In the listing below, find the line containing "Chaise de bar" and the line containing "Black Panther Chadwick". Repeat exactly those two lines and every line between them.

---------- ENTRIES PROVIDED ----------

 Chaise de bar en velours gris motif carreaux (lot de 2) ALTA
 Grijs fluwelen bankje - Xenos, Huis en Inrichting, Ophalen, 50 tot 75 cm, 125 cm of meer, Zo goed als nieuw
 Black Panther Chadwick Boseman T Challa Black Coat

----------
---------- ENTRIES PROVIDED ----------

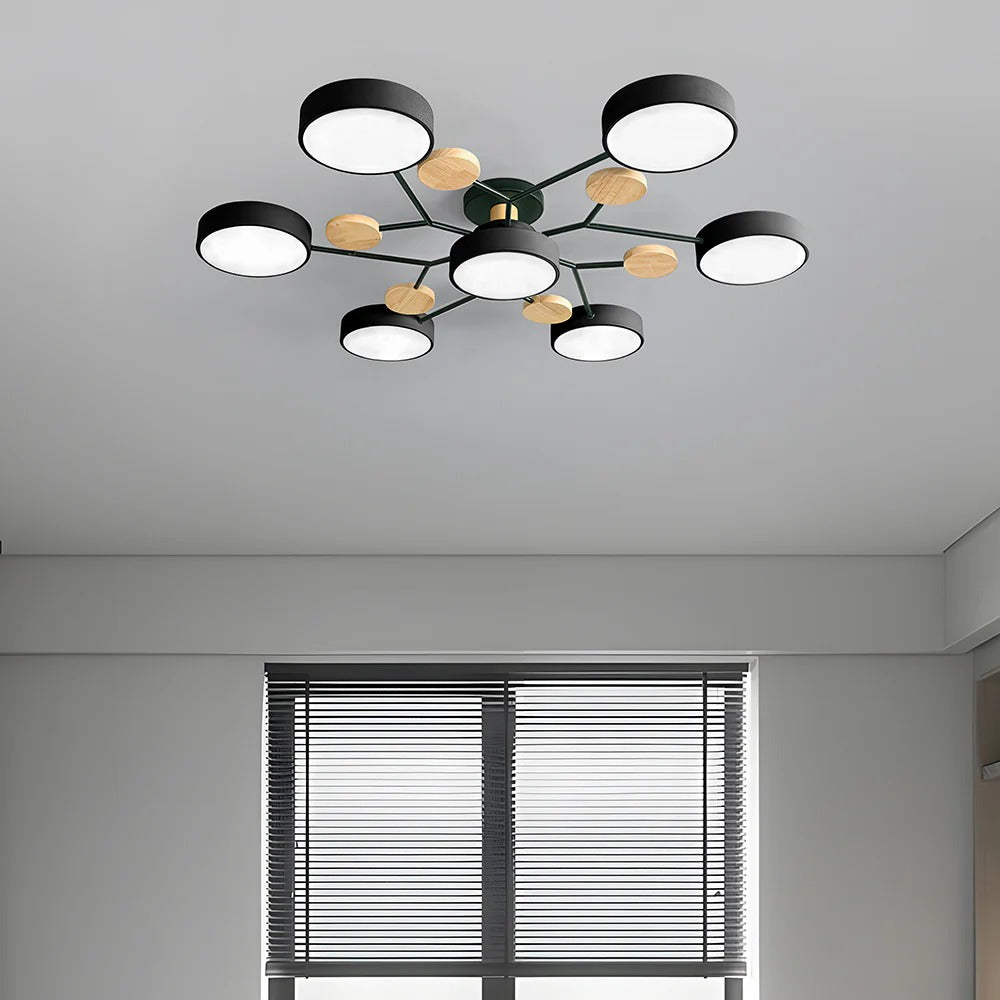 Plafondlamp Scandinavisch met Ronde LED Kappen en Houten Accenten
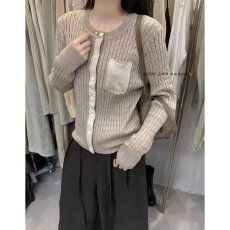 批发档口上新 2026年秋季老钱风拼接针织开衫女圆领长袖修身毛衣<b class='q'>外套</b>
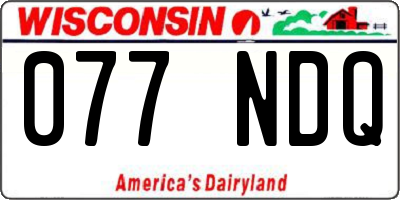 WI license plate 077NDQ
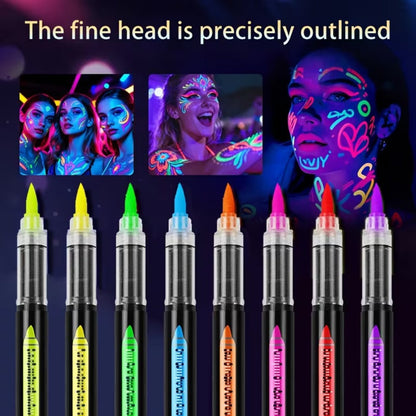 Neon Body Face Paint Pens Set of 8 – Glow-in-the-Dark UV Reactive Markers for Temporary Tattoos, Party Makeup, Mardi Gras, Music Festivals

----------
---------- ENTRIES PROVIDED ----------

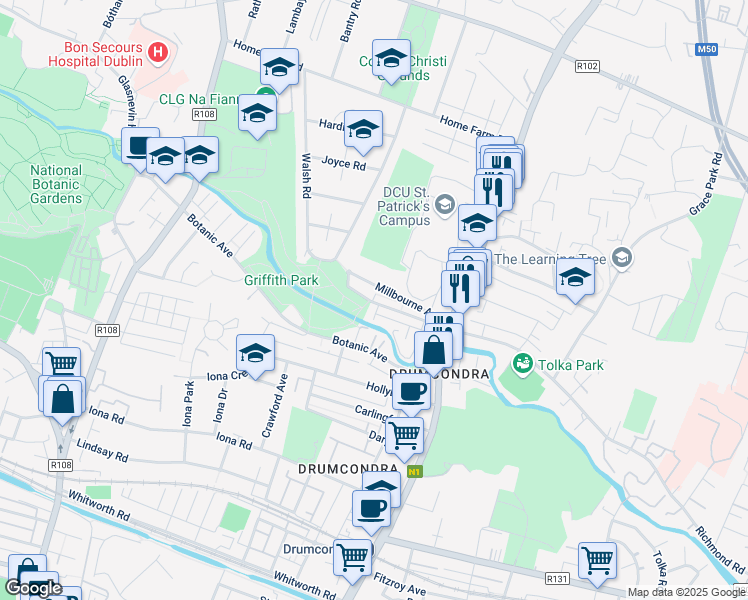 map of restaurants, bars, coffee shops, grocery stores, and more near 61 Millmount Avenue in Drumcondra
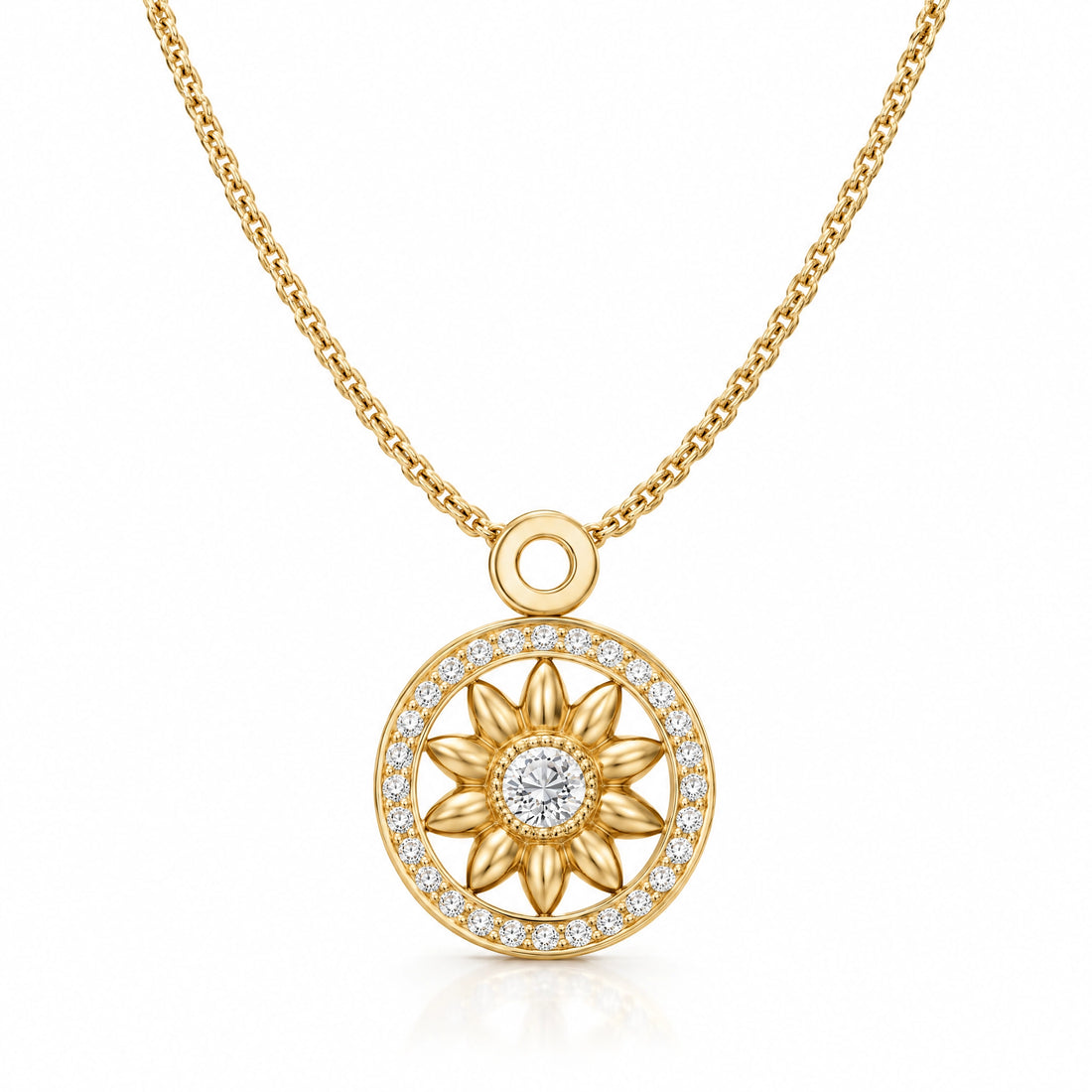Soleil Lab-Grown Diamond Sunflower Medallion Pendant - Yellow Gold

----------

SOLUTION TO THE EXERCISE:
 Chaise de bar en velours gris motif carreaux (lot de 2) ALTA
 Grijs fluwelen bankje - Xenos, Huis en Inrichting, Ophalen, 50 tot 75 cm, 125 cm of meer, Zo goed als nieuw
 Black Panther Chadwick Boseman T Challa Black Coat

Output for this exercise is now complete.